Lime Garden at the Lexington

I wasn’t here to see Lime Garden. I had heard they were worth catching. Seeing Blood Wizard were in support, who I had seen play a good solo set a few weeks ago, seemed like a good reason to catch them.

On arrival, I was surprised to see a packed  Lexington. Clearly Lime Garden are amassing a following amongst college age kids.

Tonight’s Blood Wizard set was a full band set. The addition of keys and other guitars adding an extra dimension to the songs missing from the solos set, supporting Kai’s excellent vocals. 

Like with Kai’s solo set, the highlight was Halo. It starts off slowly drawing you in to a lazy sunny afternoon of a song. It then changes direction with a wash of guitars. I can see this song growing as years go by into a live monster.

There were a lot of noisy poorly mannered young people in the audience for Blood Wizard. Lime Garden’s audience had decided to grab their space at the front. It is great when people make the effort to see the support act and many of them seemed to be enjoying it. But there was a small group who appeared to be unaware to the noise they were making. 

Always watch the support bands. If you don’t like the, keep quiet. Others might be listening to them.

Lime Garden are a bit of a hotpot of music styles. At times, songs have a bit of grunge. Some songs are pure indie pop. You can hear a wide range of influences from bands like Black Honey, Hole, Goat Girl and on one song, I thought there was a later day Wolf Alice vibe. Vocally, the lead singer remind me a lot of the laid back delivery of Courtney Barnet.

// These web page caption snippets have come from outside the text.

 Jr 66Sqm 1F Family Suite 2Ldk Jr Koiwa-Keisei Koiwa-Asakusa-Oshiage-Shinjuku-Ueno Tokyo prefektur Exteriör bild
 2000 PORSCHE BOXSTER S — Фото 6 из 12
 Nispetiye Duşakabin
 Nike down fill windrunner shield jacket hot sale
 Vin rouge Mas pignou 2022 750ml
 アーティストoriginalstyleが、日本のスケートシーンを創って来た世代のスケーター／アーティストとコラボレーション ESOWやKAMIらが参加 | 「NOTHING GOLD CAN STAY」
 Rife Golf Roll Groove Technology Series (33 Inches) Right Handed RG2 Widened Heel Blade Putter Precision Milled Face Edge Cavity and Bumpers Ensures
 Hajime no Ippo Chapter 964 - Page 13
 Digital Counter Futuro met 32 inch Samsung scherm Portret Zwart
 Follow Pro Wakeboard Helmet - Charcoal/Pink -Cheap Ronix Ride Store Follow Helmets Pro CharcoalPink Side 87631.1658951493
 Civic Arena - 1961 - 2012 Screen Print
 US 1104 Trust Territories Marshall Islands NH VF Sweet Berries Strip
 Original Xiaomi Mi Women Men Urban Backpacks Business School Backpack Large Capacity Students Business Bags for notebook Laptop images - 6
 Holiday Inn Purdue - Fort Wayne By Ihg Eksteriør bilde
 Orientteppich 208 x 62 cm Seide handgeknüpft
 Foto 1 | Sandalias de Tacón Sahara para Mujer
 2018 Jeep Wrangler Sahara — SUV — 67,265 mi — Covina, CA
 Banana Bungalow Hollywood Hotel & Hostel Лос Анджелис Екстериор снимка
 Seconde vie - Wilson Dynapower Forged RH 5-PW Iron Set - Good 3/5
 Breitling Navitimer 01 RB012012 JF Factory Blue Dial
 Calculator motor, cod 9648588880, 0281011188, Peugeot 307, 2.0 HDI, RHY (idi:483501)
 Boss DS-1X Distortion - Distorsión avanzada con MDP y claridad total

I am not sure the varied styles worked for me. I wasn’t left with a clear picture of what to expect from the band. Some songs were fully formed and really rather good, but there were others that seemed underwritten. In some ways it was great to see a band willing to spend some time working out their song writing craft and trying different things. While they didn’t work completely for me, I can see why they are making waves.